__About this task__:
All the data that follows should be repeated exactly, without a single picture.

[Opening Data shown section]

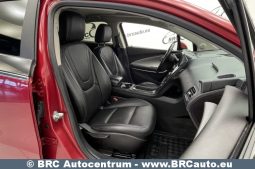 Chevrolet Volt 1.4 Plug-in Hybrid Automatas 2012 full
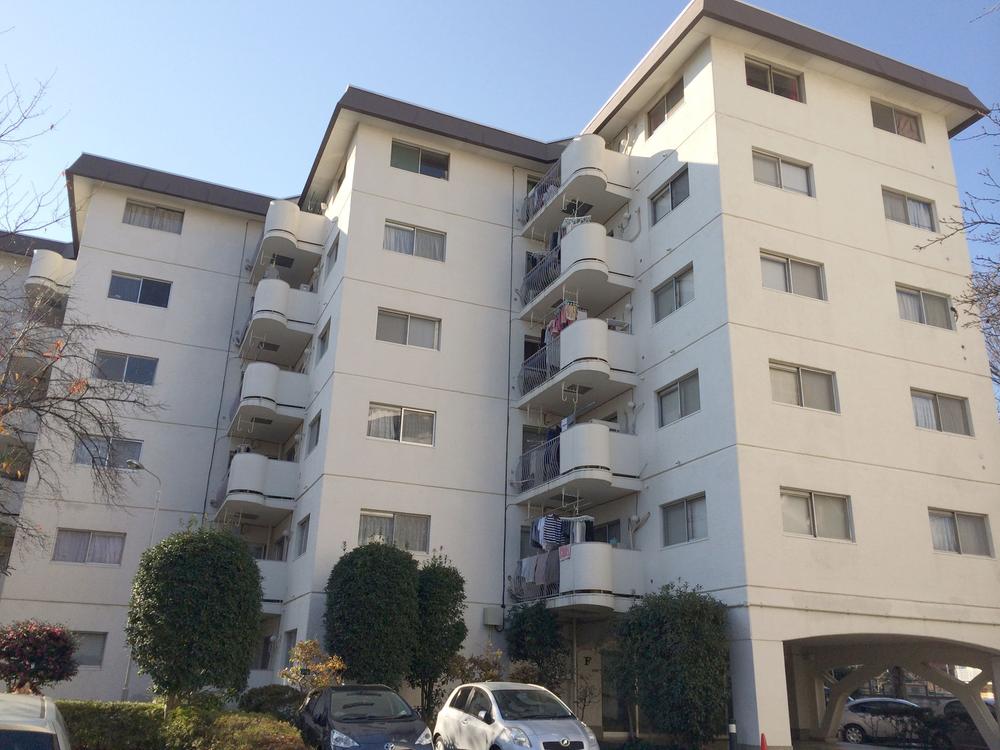 Local appearance photo. appearance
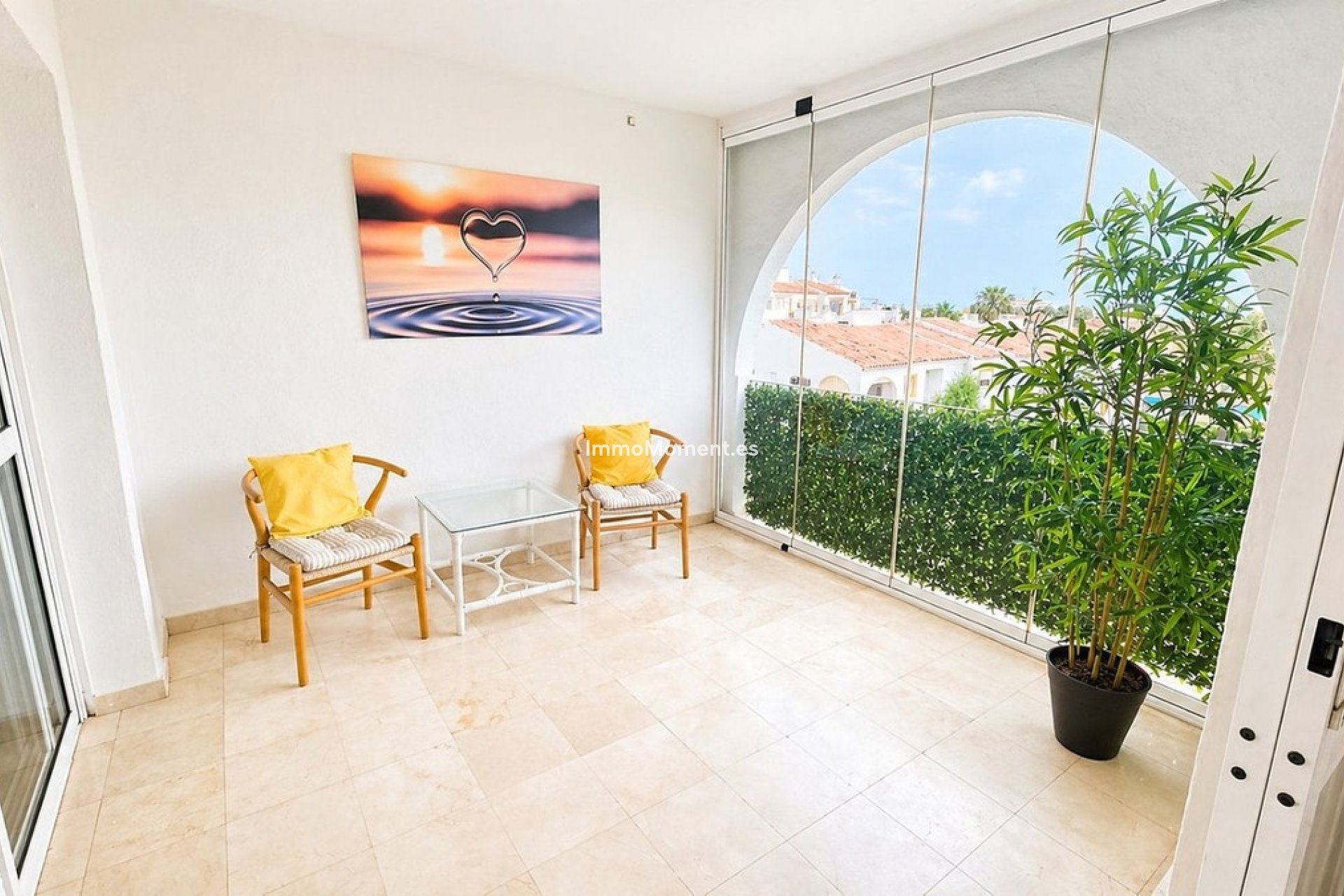 Reventa - Apartamento - Estepona  - Atalaya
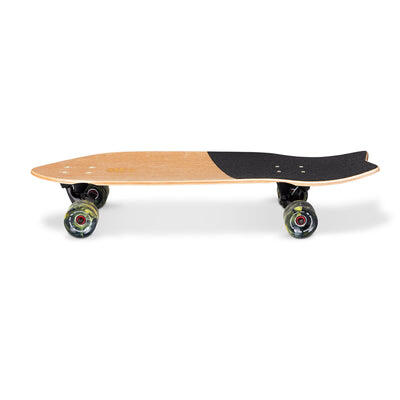 Surfskate Fishtail Snake 30" 6/7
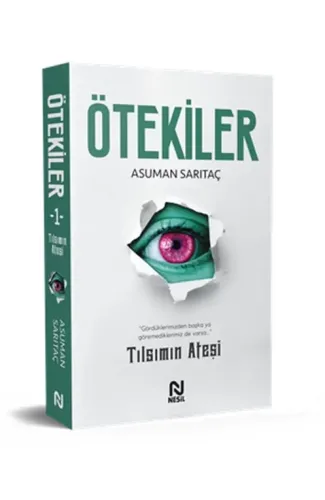 Ötekiler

[Closing Data shown section]

__Task response__:
 Chevrolet Volt 1.4 Plug-in Hybrid Automatas 2012 full
 Local appearance photo. appearance
 Reventa - Apartamento - Estepona  - Atalaya
 Surfskate Fishtail Snake 30" 6/7
 Ötekiler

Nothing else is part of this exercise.